In a first approximation you may neglect the missing via area; for a current of 20mA consider the 3 metal wires as parallel. So you have 35/(10*3) ≈ 1.2 squares. With a w.c. sheet resistance of 0.1 Ω/sq (example) this provides a resistance of 0.12 Ω, or 2.4 mV drop for 20 mA current.

Do not fill the wires completely with vias. Leave free rows (e.g. every second) in current direction. Don't stack the vias, stagger them from one layer to the next.

 

[leo_o2]

Metal current density is usually evaluated by mA/um. For many processes, it is around 1mA/um for continuous current.

 

[erikl]

Metal current density is usually evaluated by mA/um. For many processes, it is around 1mA/um for continuous current.

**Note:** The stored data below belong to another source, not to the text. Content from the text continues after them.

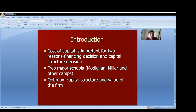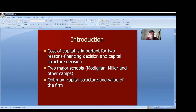Cost of capital is important for two reasons. Number one, for financing decision and capital structure decision. Financing decisions revolve around the cost of capital, because when we finance a project or design the capital structure, we must consider the cost of each component of the capital structure. Second, capital budgeting decision. We compare cost of capital with the return on investment or expected rate of return. If the expected rate of return is more than the cost of capital, we accept the decision.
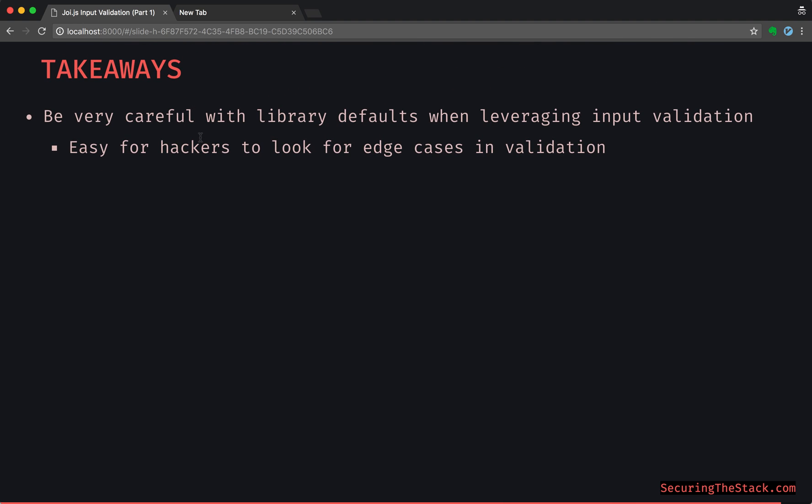So really the takeaways are: in any input validation library, you want to be very careful with library defaults, because it's easy for hackers to look for edge cases in validation. For example, if a hacker is trying to query an API and they can see that it is a Node API, there is a high probability if it is leveraging input validation, it's probably going to be Joi. And knowing these little edge cases about these sub-objects within a JSON payload and how some of those might not be validated appropriately, an attacker can hyper-focus on that because they know it's Node and it's probably going to be Joi, and they know that that's an edge case within Joi. So once again, really want to be careful with library defaults and please make sure to go over the API docs for whatever input validation library you're leveraging.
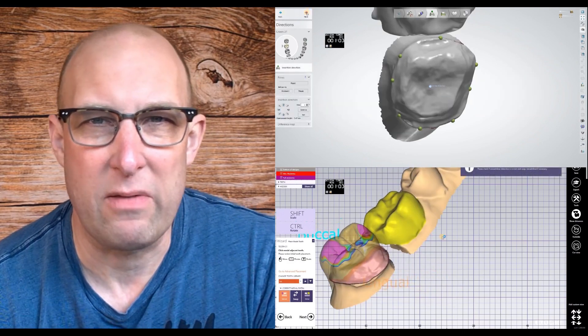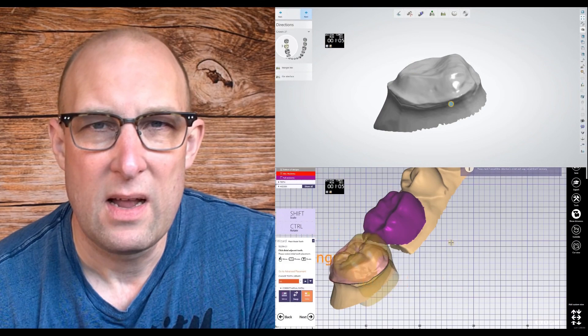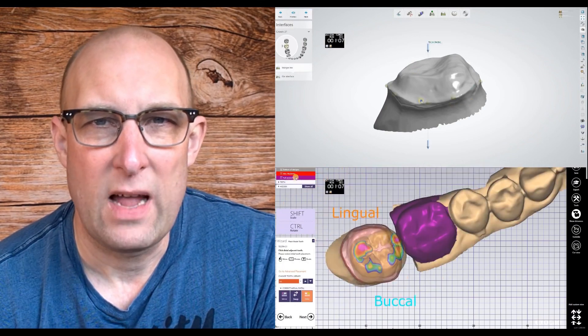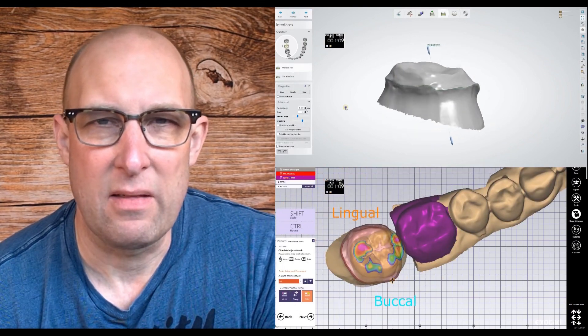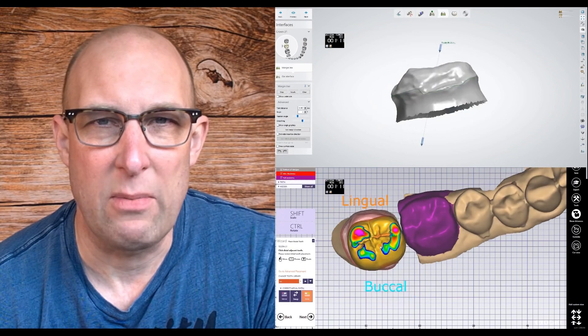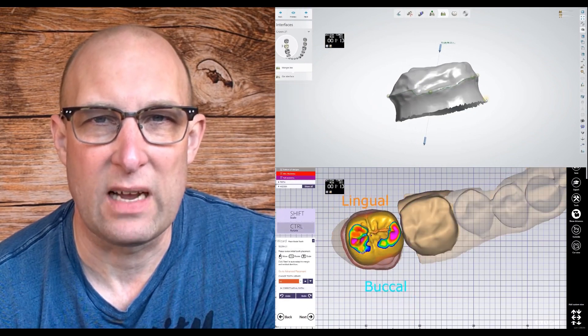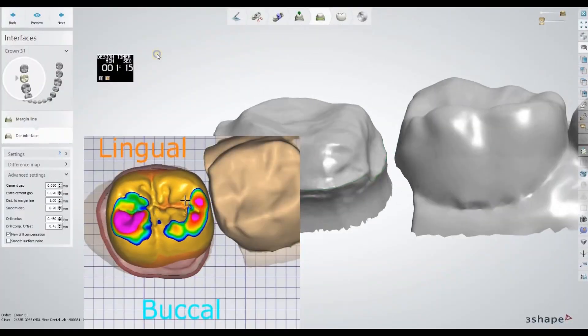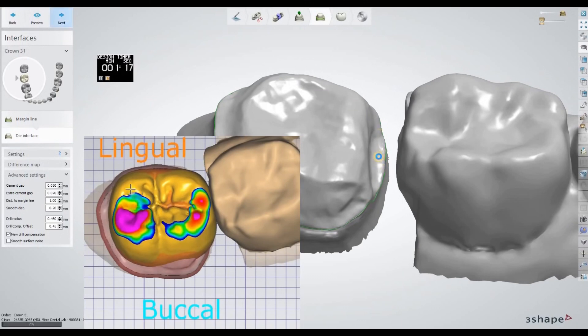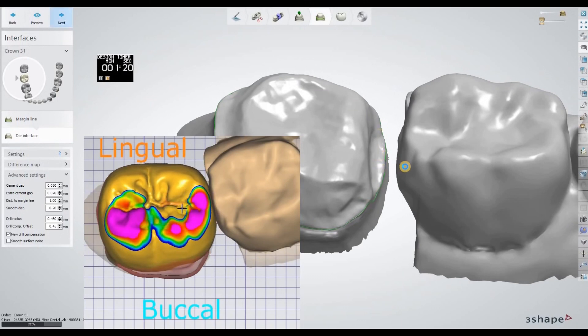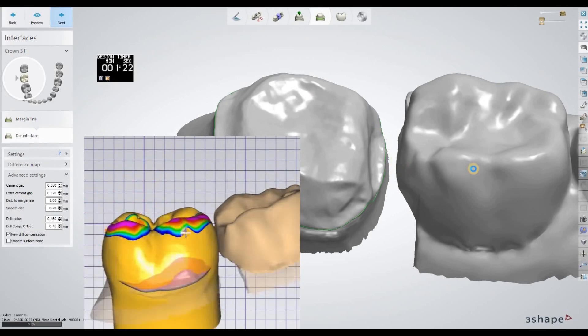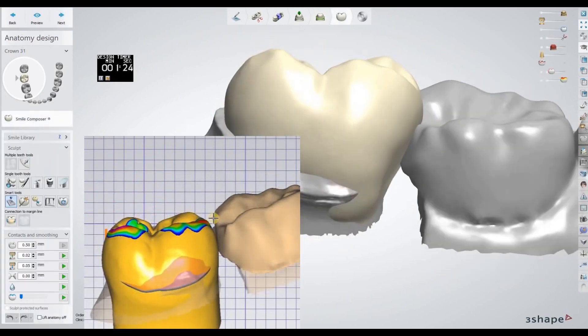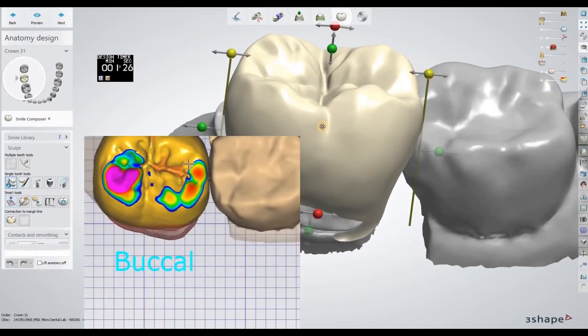Here in exocad, if you have to find the adjacent tools, you would be able to copy it now and exocad would let you copy the crown automatically. I'm rescaling it now in exocad. I'm still in the margin area. Now in three shape, I have my crown there too.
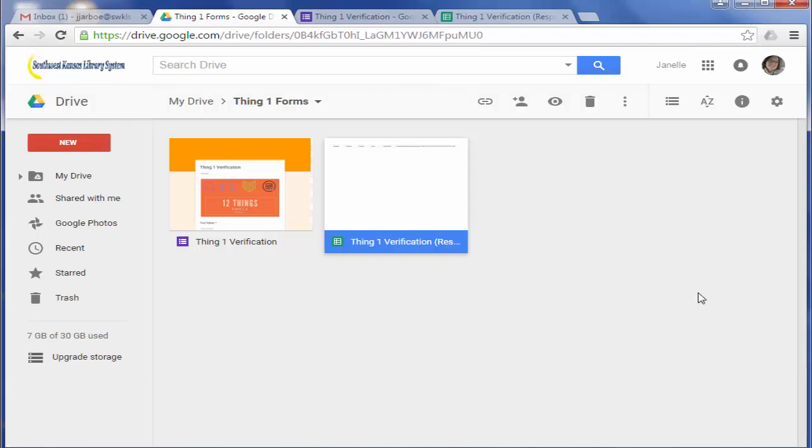Another thing I wanted to mention is that when anyone ever fills out your form, the spreadsheet and the responses will automatically update. So you don't have to refresh the spreadsheet or anything. It will automatically update itself.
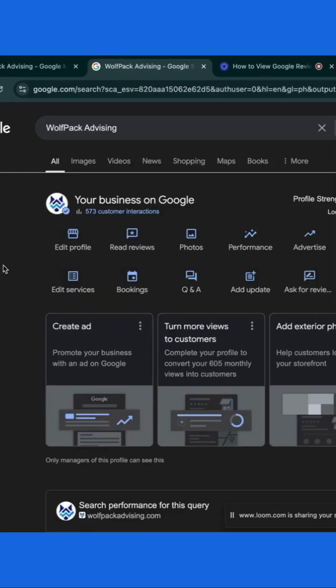When you are in this dashboard, click the read reviews option to view all reviews in detail.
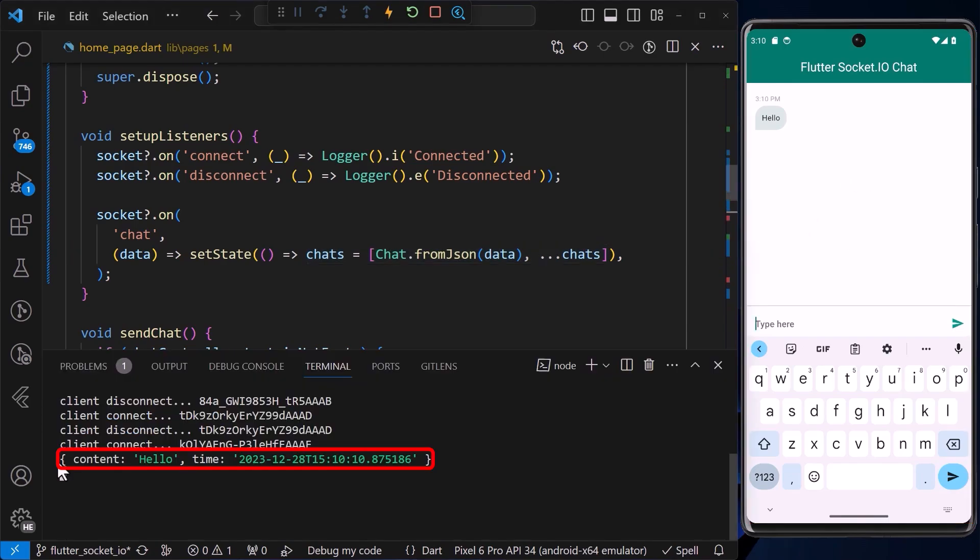We can also confirm this by looking in the console, for which we can see the values that we sent, the content being hello, and the time that it was sent.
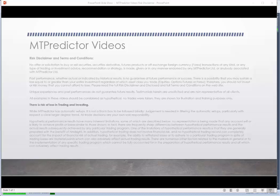Hello everybody, Steve Griffiths here, developer of the MT Predictor software program. In today's MT Predictor video, I'd like to have a look at some of the more advanced tools in the MT Predictor software, in particular our Elliott Wave tools.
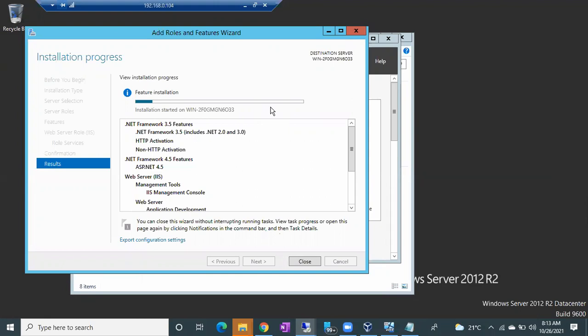Once installation is complete, we'll discuss SQL Server installation in tomorrow's class. If you have any doubts about the organizational teams involved, let me explain.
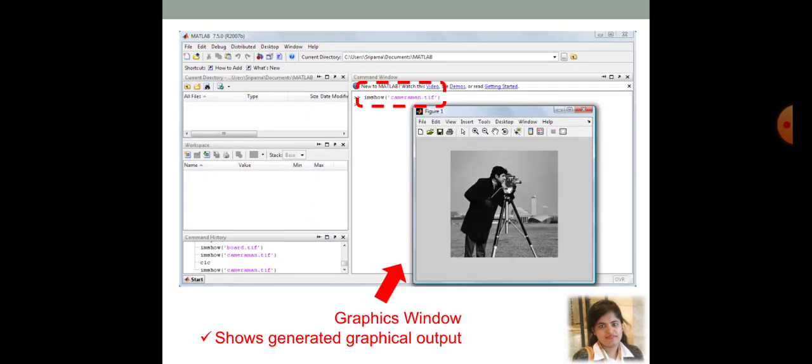Now, let's talk about the graphics window. Suppose, in the MATLAB command window, you have typed something like that. I am show that is image show of cameraman dot tif. That means, you are trying to tell MATLAB that show that particular image the name is cameraman dot tif. This is the inbuilt image that is already stored in the MATLAB file.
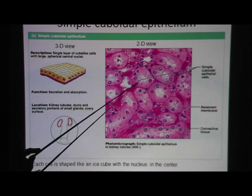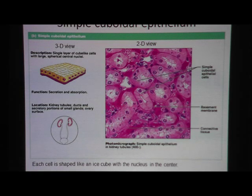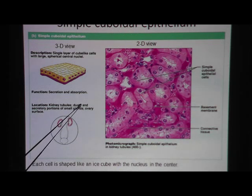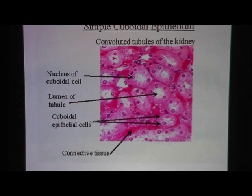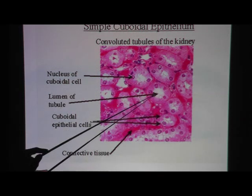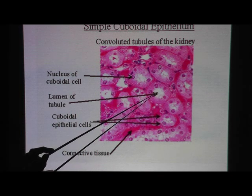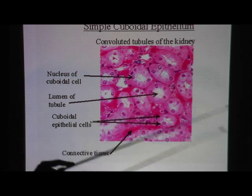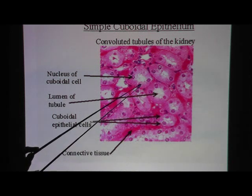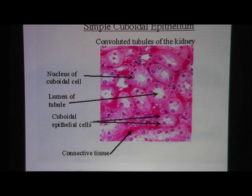You can also see the pink cytoplasm. In addition to kidney tubules, we also have simple cuboidal epithelium in the ducts of glands. Here's a similar picture showing the nucleus of a cuboidal cell and the lumen, which is the space inside the tube — that would be the free surface.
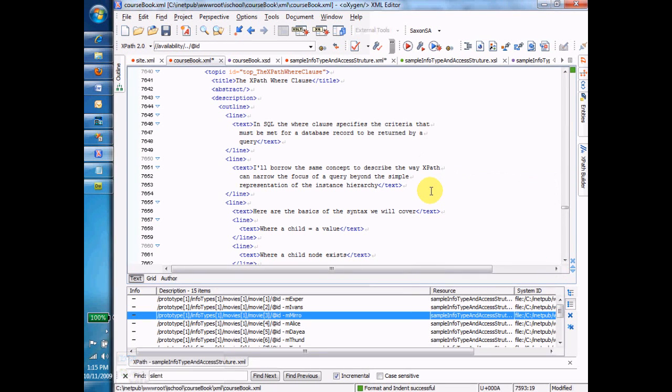So far, we've just been using our XPaths to navigate through the file, to find our way through the file. But actually, probably the largest use of XPath is to form a query against the file.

Leo, such recommended values concern the limitation of electromigration over the chip's lifetime, and they depend heavily on operating temperature. Wire resistance and voltage drop is not considered by those values.

 

[leo_o2]

Yes, erikl. I have thought he is considering current density.

 

[erikl]

I have thought he is considering current density.

May be you are right, Leo, sorry! I just thought of resistance and voltage drop ;-)

 

[Teddy]

This is very technology dependent question. - be sure to check electromigration rules for process you use!!!!
But as a rule of thumb - "normal" metal (not thick top level) is about 1mA/um peak dc current. at 110C if you go to 125C it is usualy 65% of the 110C value.
Vias - usualy about 0.4mA/via.

That said each metal strip can carry about 10mA of DC current at 110C. Vias can handle 315*0.4=126 mA (at 110C)

Also via stacking - check the rules . On older processes with not so good planarization you should not stack. On newer ones they actually make you to stack them.